Torna-se cada vez mais claro que os movimentos migratórios deveriam ser alvo de maior atenção, de modo a integrarem informação sobre a diversidade cultural e as consequências do encontro de diferentes grupos na vida das sociedades. Nesta linha de preocupações, a psicologia social das relações entre grupos tem vindo a desenvolver modelos de redução dos efeitos negativos da categorização intergrupal nos adultos (Allport, 1954; Gaertner & Dovidio, 2000). A possibilidade de reduzir a discriminação intergrupal na infância utilizando o quadro teórico da TIS só recentemente recebeu a atenção dos investigadores, não sendo ainda compreensível qual o padrão de representação dos grupos que melhor consegue alterar o comportamento preconceituoso inter-étnico. Na sequência de estudos anteriores (Rebelo et al., 2005; Guerra et al., 2005; Monteiro et al., 2006), este projecto desenvolve três estudos para testar a eficácia relativa de dois modelos de redução do preconceito– o Modelo da Identidade Endogrupal Comum (IEC) e o modelo da Dupla Identidade (DI) (Gaertner & Dovidio, 2000)- com efeitos estimados directos na situação de interacção entre os grupos e a longo prazo em relação a todo um exogrupo. De modo a identificar os processos mediadores e as variáveis moderadoras do efeito destes modelos na redução do preconceito e na generalização das atitudes positivas aoexogrupo, os desenhos em estudo integram a assimetria de estatuto (Branco e Negro), a prototipicalidade e a percepção de distintividade dos grupos.

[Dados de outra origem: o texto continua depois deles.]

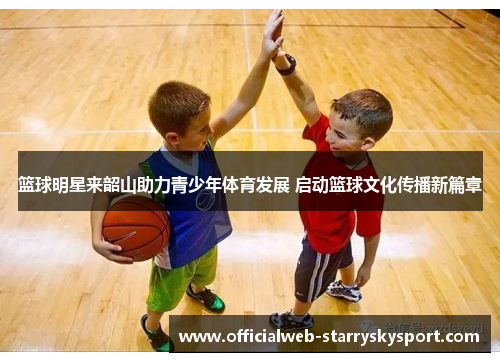 篮球明星来韶山助力青少年体育发展 启动篮球文化传播新篇章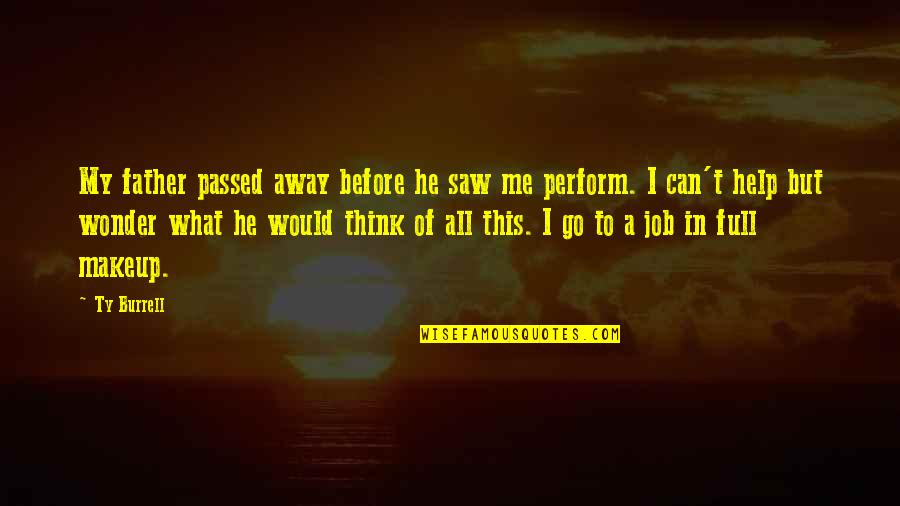 I Can't Help But Wonder Quotes By Ty Burrell: My father passed away before he saw me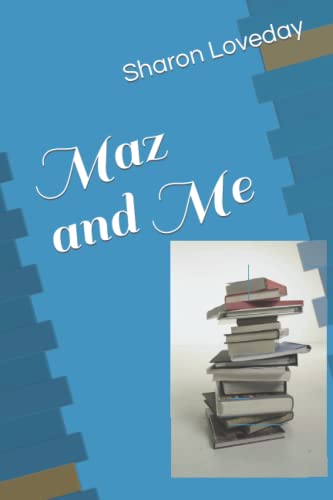 Maz and Me - Click to Buy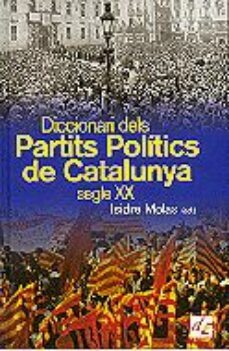 diccionari dels partits politics de catalunya segle xx-marc sagrista i artigas-montserrat torras i conangla-9788441204669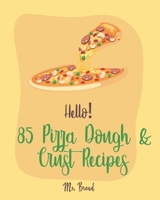 Hello! 85 Pizza Dough & Crust Recipes: Best Pizza Dough & Crust Cookbook Ever For Beginners [Cauliflower Pizza Crust Recipe, Gluten Free Italian Cookbook, Easy Bread Machine Cookbooks] [Book 1] 1700902733 Book Cover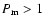 $P_{\rm m} >1$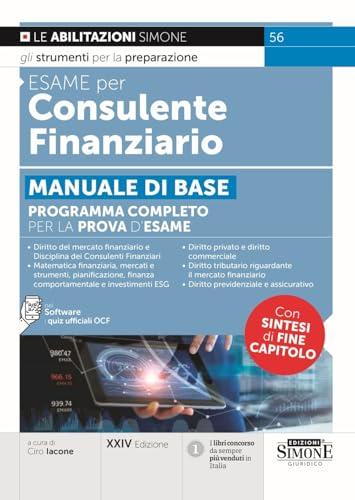 Esame per Consulente Finanziario. Manuale di Base con Software Quiz OCF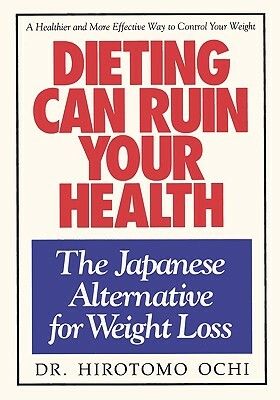 Dieting Can Ruin Your Health by Richard Bozulich, Hirotomo Ochi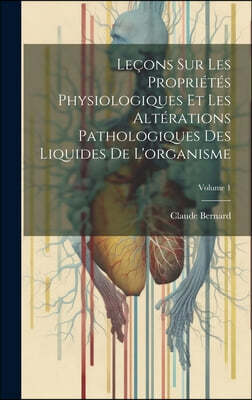 Lecons Sur Les Proprietes Physiologiques Et Les Alterations Pathologiques Des Liquides De L'organisme; Volume 1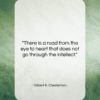 Gilbert K. Chesterton quote: “There is a road from the eye…”- at QuotesQuotesQuotes.com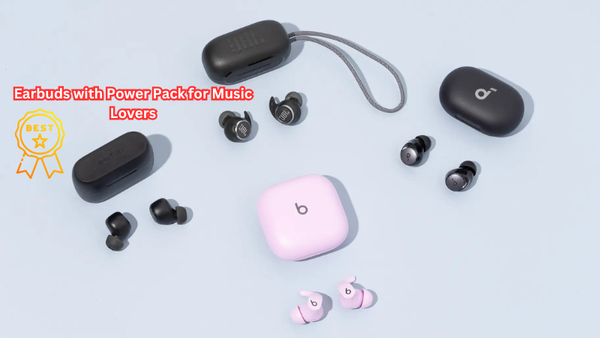 Never Miss a Beat: Top Earbuds with Power Pack for Music Lovers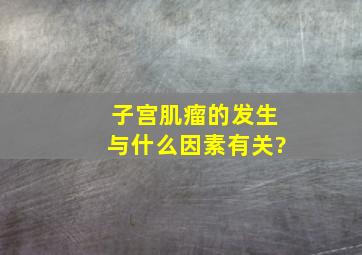 子宫肌瘤的发生与什么因素有关?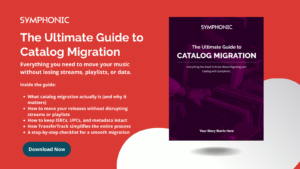 Download the free Ultimate Guide to Catalog Migration from Symphonic Distribution, a step-by-step resource for moving your music catalog without losing streams or playlists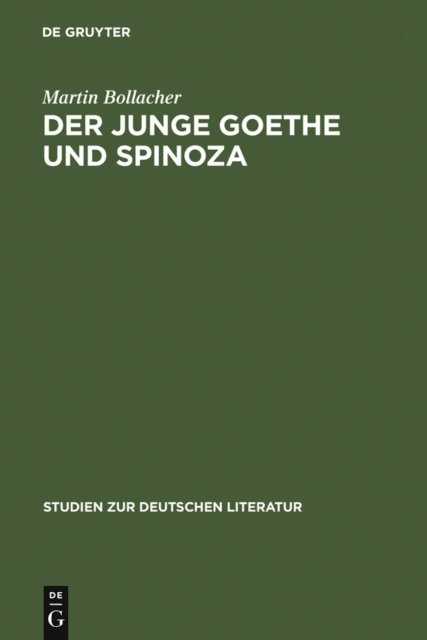 Martin Bollacher - Der junge Goethe und Spinoza, E-bok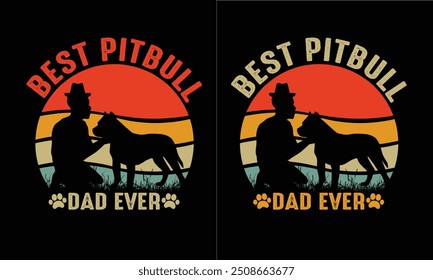 Best Pitbull Dad Ever-Vintage dog lover.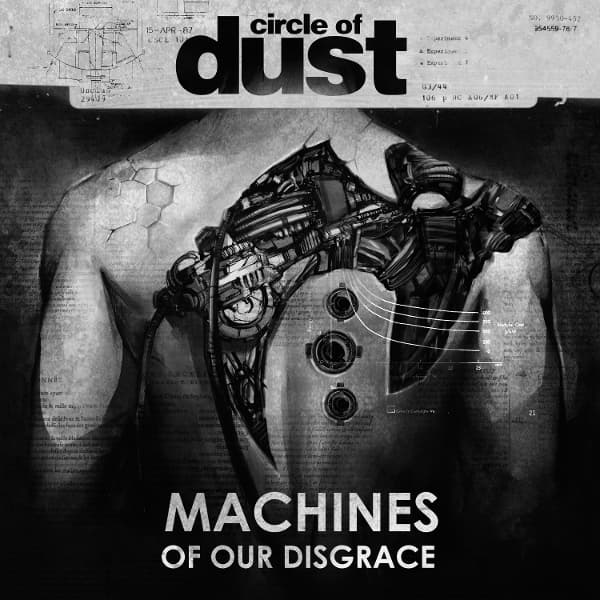 Circle Of Dust - Machines Of Our Disgrace (2 LP)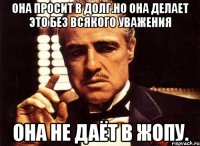 Она просит в долг.Но она делает это без всякого уважения Она не даёт в жопу.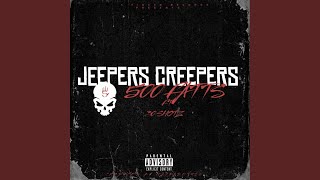 Jeepers Creepers feat 30 Shotz [upl. by Lewes]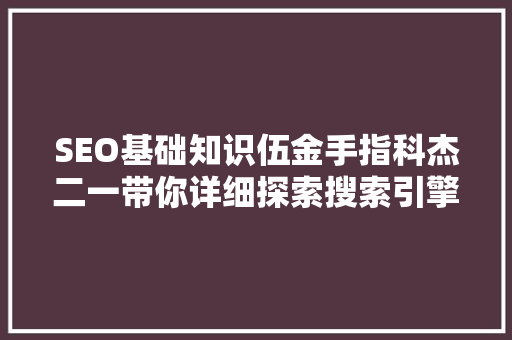 SEO基础知识伍金手指科杰二一带你详细探索搜索引擎优化之路 必应SEO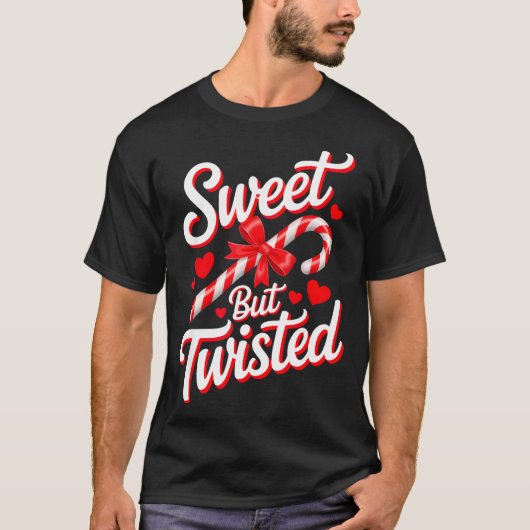 Sweet But Twisted Funny Christmas Candy Cane Xmas  Tシャツ (正面)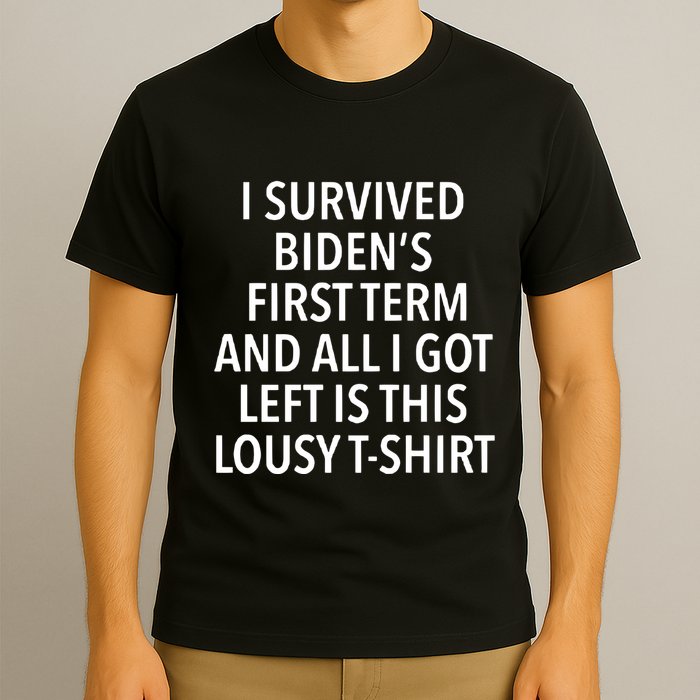 I Survived Biden’S First Term And All I Got Left Is This Lousy T-Shirt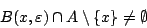 \begin{displaymath}
B(x,\varepsilon )\cap A\setminus \{x\} \neq \emptyset
\end{displaymath}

Esta última variável é especialmente relevante para a distinção entre os efeitos da Identidade Endogrupal Comum e da Dupla Identidade: enquanto na primeira a recategorização visa a indução de uma nova categoria supra-ordenada e o esbatimento das fronteiras das categorias iniciais, na segundo a recategorização visa a indução de uma nova categoria supra-ordenada, a par da manutenção das fronteiras das categorias iniciais, sendo a distintividade dos grupos o ingrediente crucial na redução do preconceito.
A generalização das atitudes positivas conseguidas através de manipulações do ‘formato’ dos grupos durante a interacção constitui um objecto de estudo teórico e empírico importante, uma vez que os programas de intervenção dirigidos à redução da discriminação inter-étnica obterão benefícios importantes do esclarecimento acerca, não só da potência imediata dos modelos para reduzir o preconceito nas interacções na escola, mas da sua potência a médio prazo para garantir a melhoria das relações inter-étnicas em geral.
No seu conjunto, estes estudos visam alargar a compreensão do desenvolvimento e da redução do preconceito na infância, assim como elucidar os processos e as variáveis explicativas, tanto das expressões flagrantes e subtis do preconceito ao longo da infância, como da construção de relações intergrupais mais igualitárias entre grupos de estatuto social assimétrico. A utilização de medidas implícitas e explícitas do preconceito constitui um valor metodológico adicional para o esclarecimento destas questões.